» **Study material**
━━━━━━━━━━━━━━━━

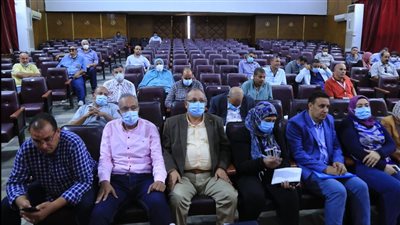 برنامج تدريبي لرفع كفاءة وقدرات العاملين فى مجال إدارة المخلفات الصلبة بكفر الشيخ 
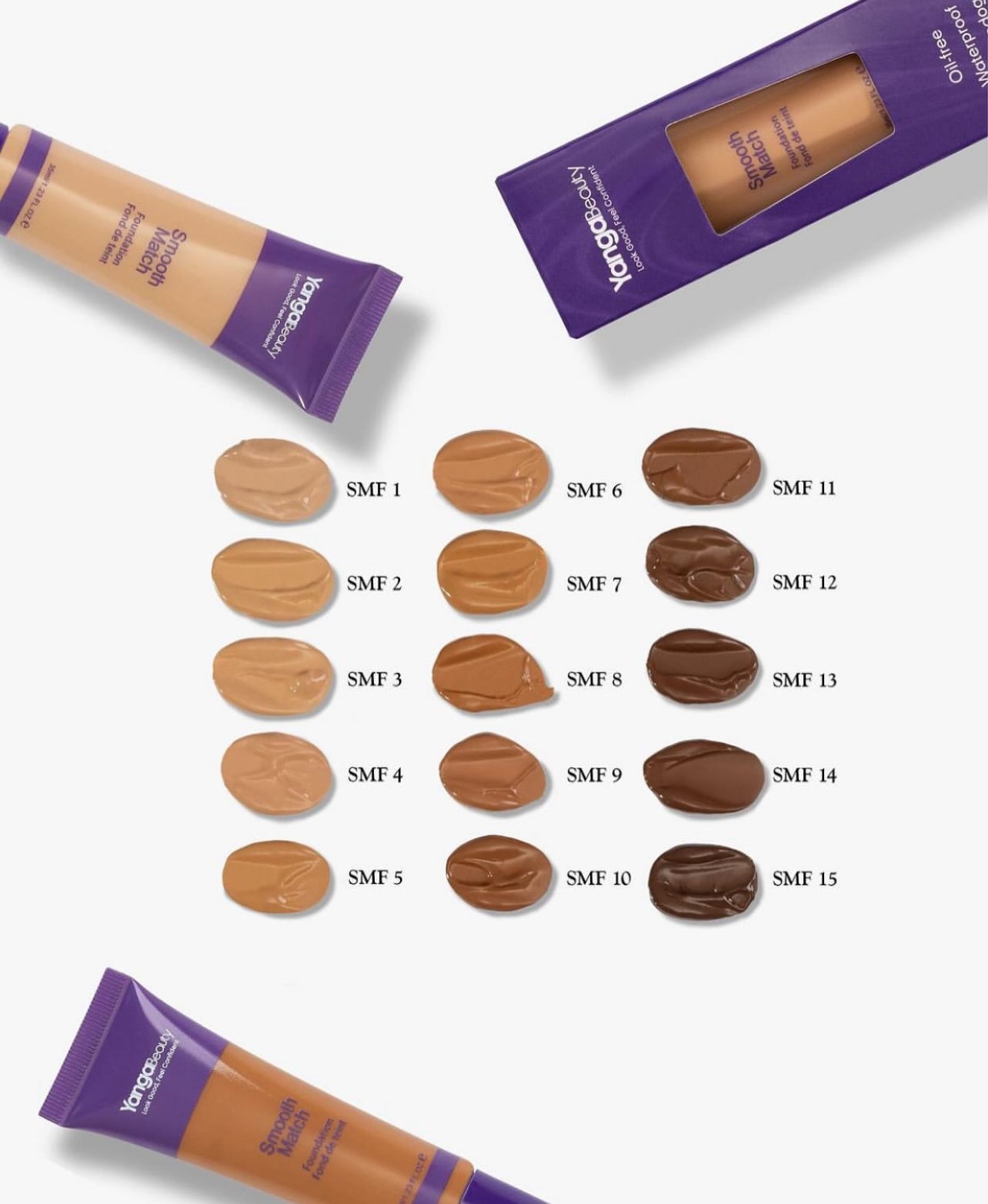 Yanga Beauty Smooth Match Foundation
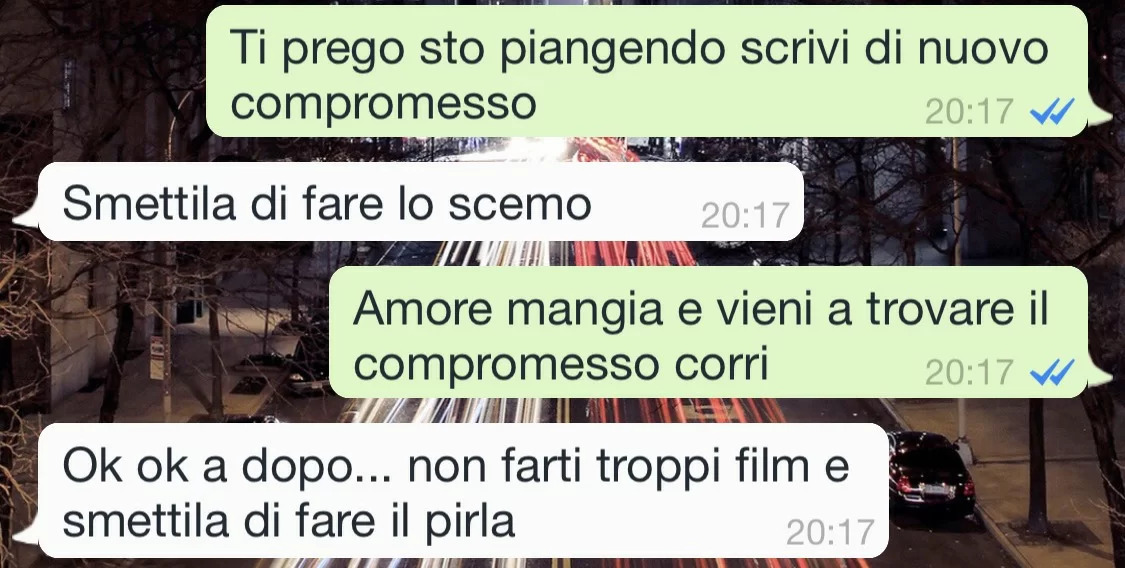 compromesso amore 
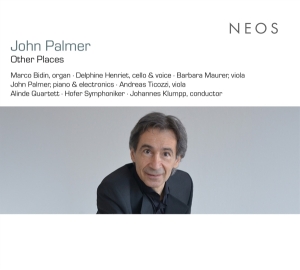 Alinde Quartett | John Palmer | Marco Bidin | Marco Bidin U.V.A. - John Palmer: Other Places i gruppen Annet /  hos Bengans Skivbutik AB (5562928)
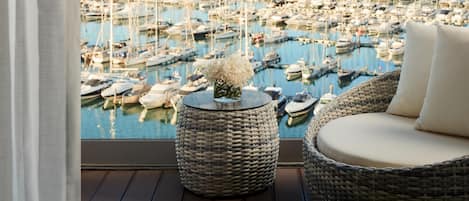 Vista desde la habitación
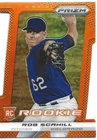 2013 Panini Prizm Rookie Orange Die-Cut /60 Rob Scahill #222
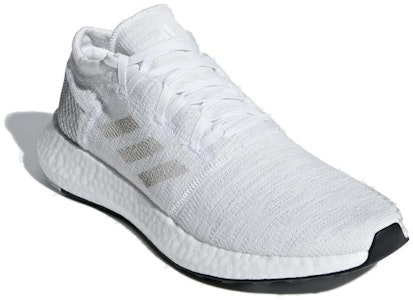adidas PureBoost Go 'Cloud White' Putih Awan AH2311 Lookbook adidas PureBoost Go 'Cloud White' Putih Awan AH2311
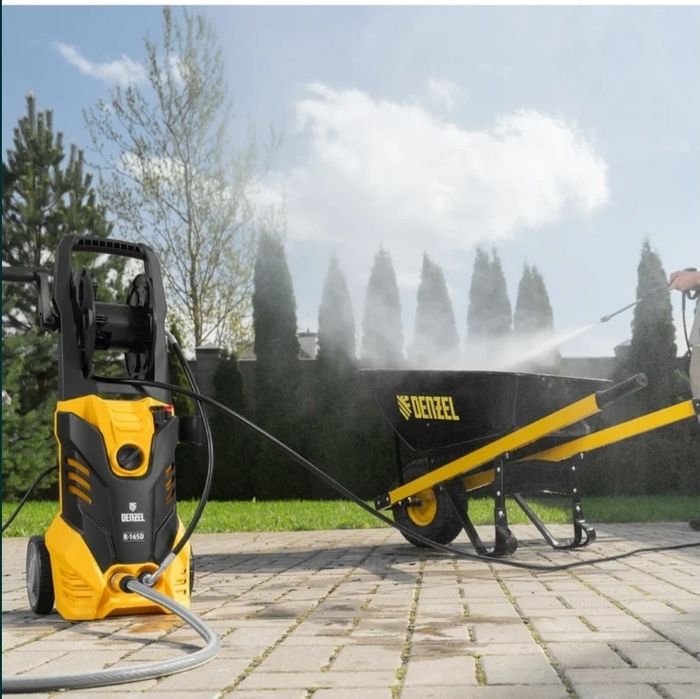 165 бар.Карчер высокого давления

━━━━━━━━━━━━━━━━

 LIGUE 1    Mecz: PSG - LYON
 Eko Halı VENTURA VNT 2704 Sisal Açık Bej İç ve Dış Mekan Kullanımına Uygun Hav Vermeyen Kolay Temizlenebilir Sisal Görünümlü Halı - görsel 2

━━━━━━━━━━━━━━━━

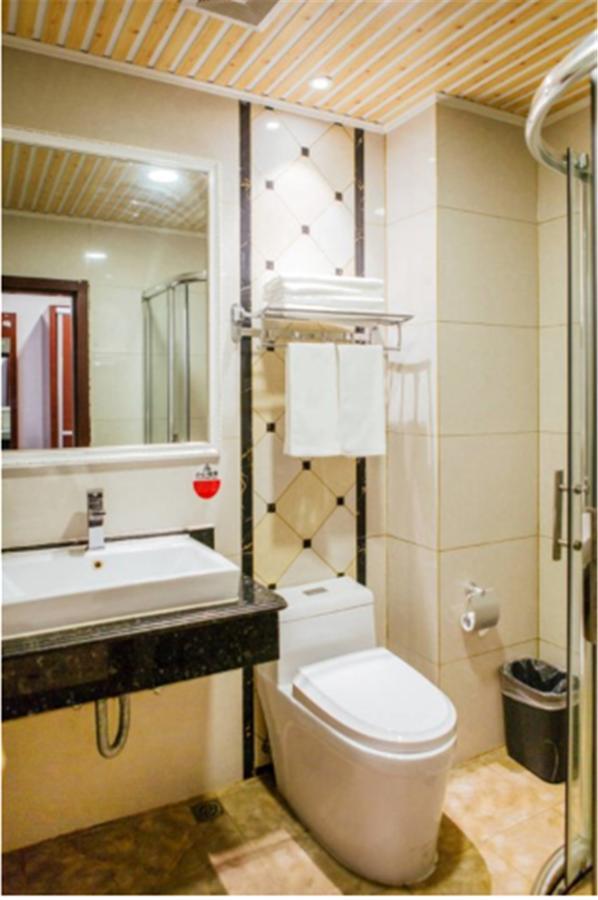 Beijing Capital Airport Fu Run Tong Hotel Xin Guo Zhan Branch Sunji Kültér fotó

━━━━━━━━━━━━━━━━

» **Exercise directions**
Copy word for word the lines of the records above from the one with "adidas PureBoost Go 'Cloud White' Putih Awan AH2311 Lookbook" up to and including the one with "165 бар.Карчер высокого давления". Skip the pictures.

» **Answer to this problem**
adidas PureBoost Go 'Cloud White' Putih Awan AH2311 Lookbook adidas PureBoost Go 'Cloud White' Putih Awan AH2311
 165 бар.Карчер высокого давления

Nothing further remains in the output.